WHAT YOU SHOULD DO: Copy every line that holds the string "Highly" from the data below.

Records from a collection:
--
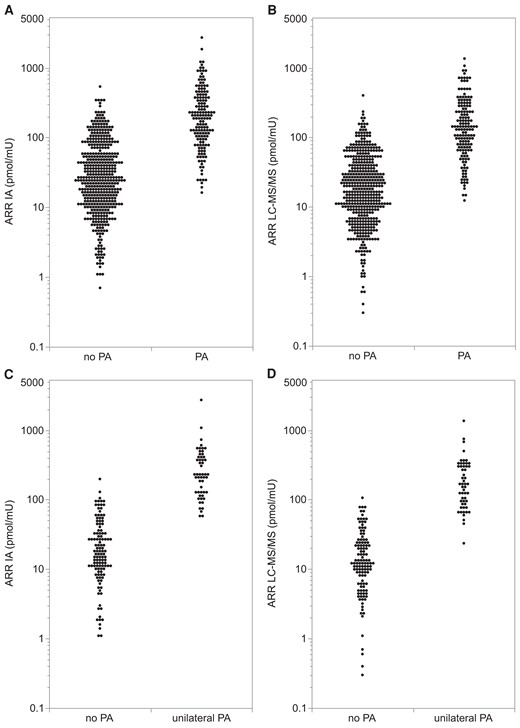 Dot plots of immunoassay (A, C) and LC–MS/MS (B, D) based measurements of aldosterone for the ARR in patients diagnosed with PA vs patients without PA by extended criteria (A, B) and in patients diagnosed with unilateral PA vs patients without PA diagnosed by outcome assessment (C, D).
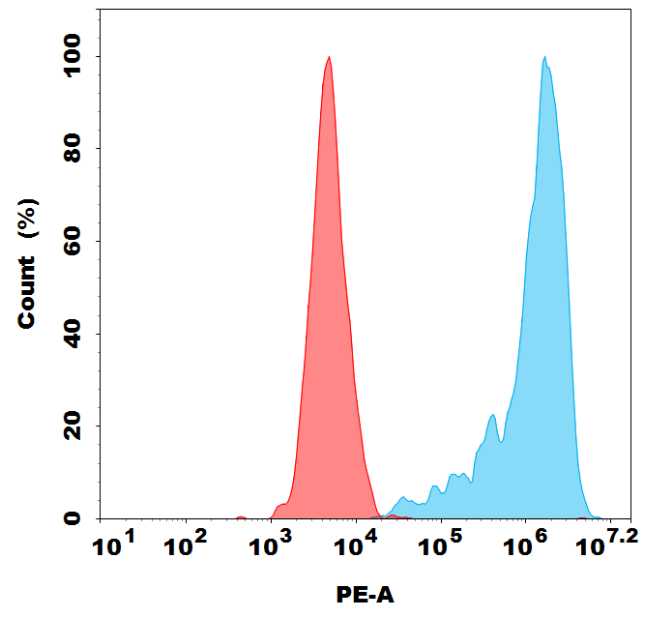 PE-conjugated Anti-CD30 Ligand antibody(DM201); Rabbit mAb
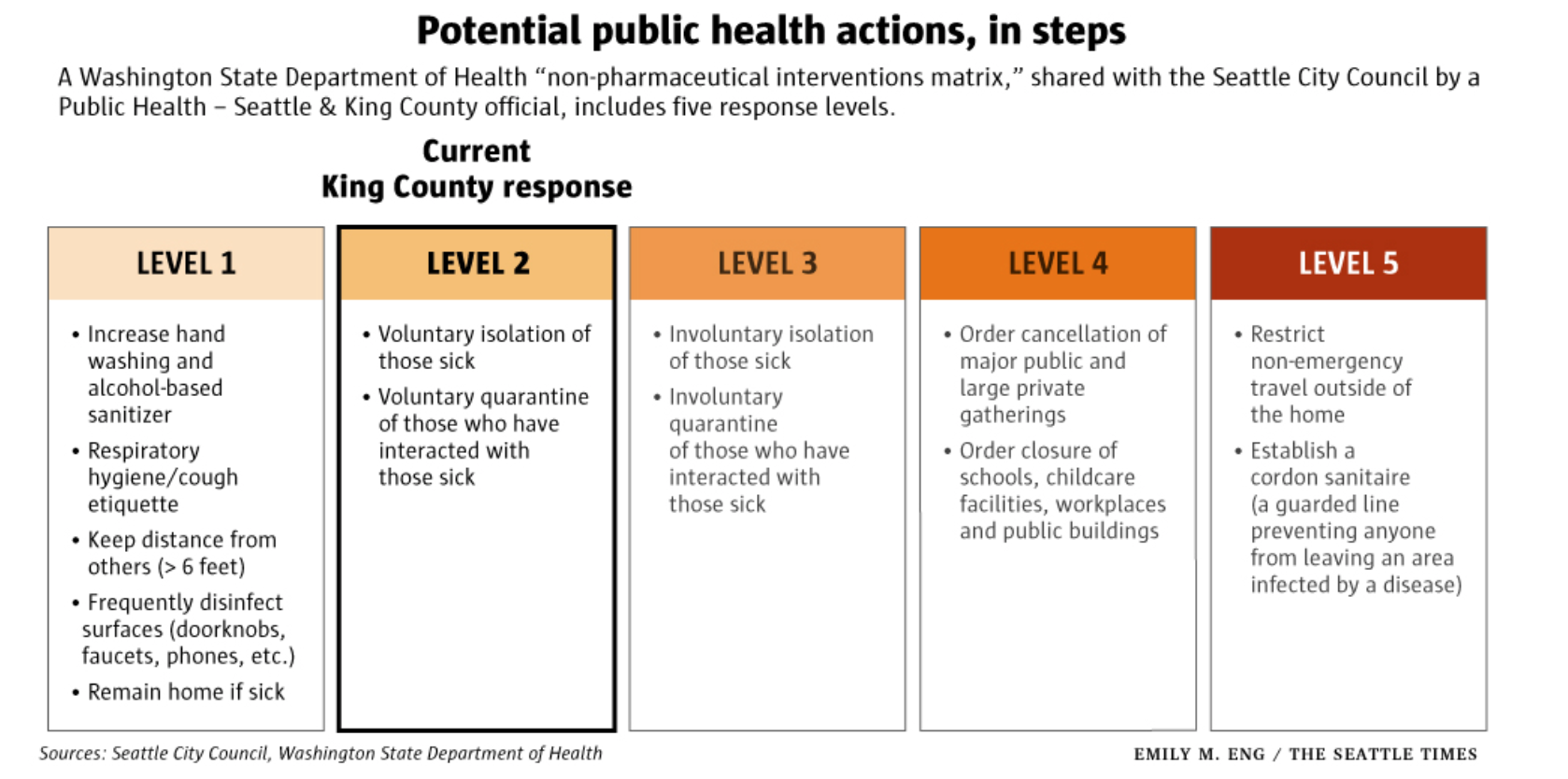 Disney World Economics: How Coronavirus Could Be Used to Justify a Global Financial Reset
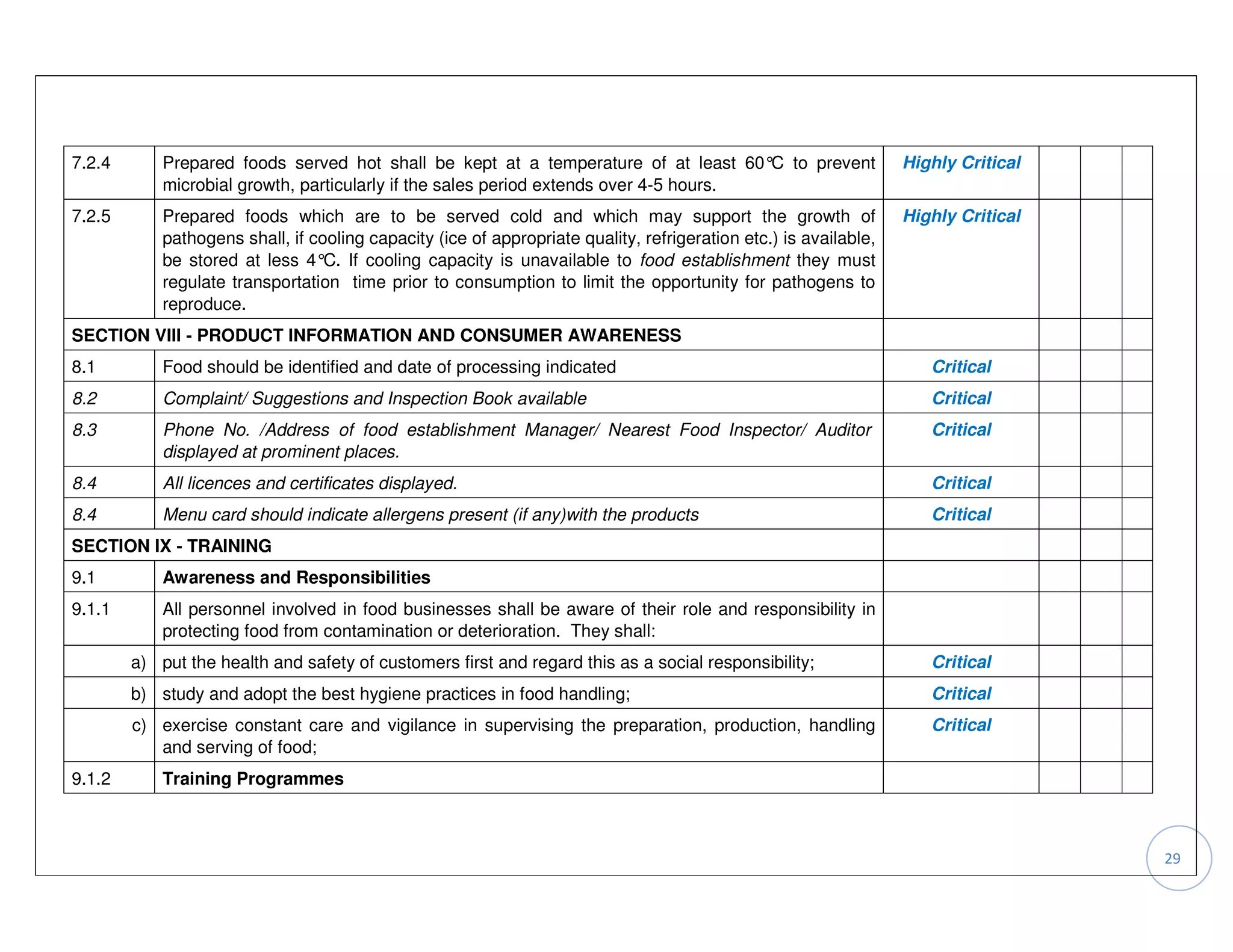 7.2.4       Prepared foods served hot shall be kept at a temperature of at least 60° to prevent
                                                                                       C                          Highly Critical
            microbial growth, particularly if the sales period extends over 4-5 hours.
7.2.5       Prepared foods which are to be served cold and which may support the growth of                        Highly Critical
            pathogens shall, if cooling capacity (ice of appropriate quality, refrigeration etc.) is available,
            be stored at less 4°C. If cooling capacity is unavailable to food establishment they must
            regulate transportation time prior to consumption to limit the opportunity for pathogens to
            reproduce.
SECTION VIII - PRODUCT INFORMATION AND CONSUMER AWARENESS
8.1         Food should be identified and date of processing indicated                                               Critical
8.2         Complaint/ Suggestions and Inspection Book available                                                     Critical
8.3         Phone No. /Address of food establishment Manager/ Nearest Food Inspector/ Auditor                        Critical
            displayed at prominent places.
8.4         All licences and certificates displayed.                                                                 Critical
8.4         Menu card should indicate allergens present (if any)with the products                                    Critical
SECTION IX - TRAINING
9.1         Awareness and Responsibilities
9.1.1       All personnel involved in food businesses shall be aware of their role and responsibility in
            protecting food from contamination or deterioration. They shall:
        a) put the health and safety of customers first and regard this as a social responsibility;                  Critical
        b) study and adopt the best hygiene practices in food handling;                                              Critical
        c) exercise constant care and vigilance in supervising the preparation, production, handling                 Critical
           and serving of food;
9.1.2       Training Programmes



                                                                                                                                    29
--
REPLY:
                                                                                       C                          Highly Critical
7.2.5       Prepared foods which are to be served cold and which may support the growth of                        Highly Critical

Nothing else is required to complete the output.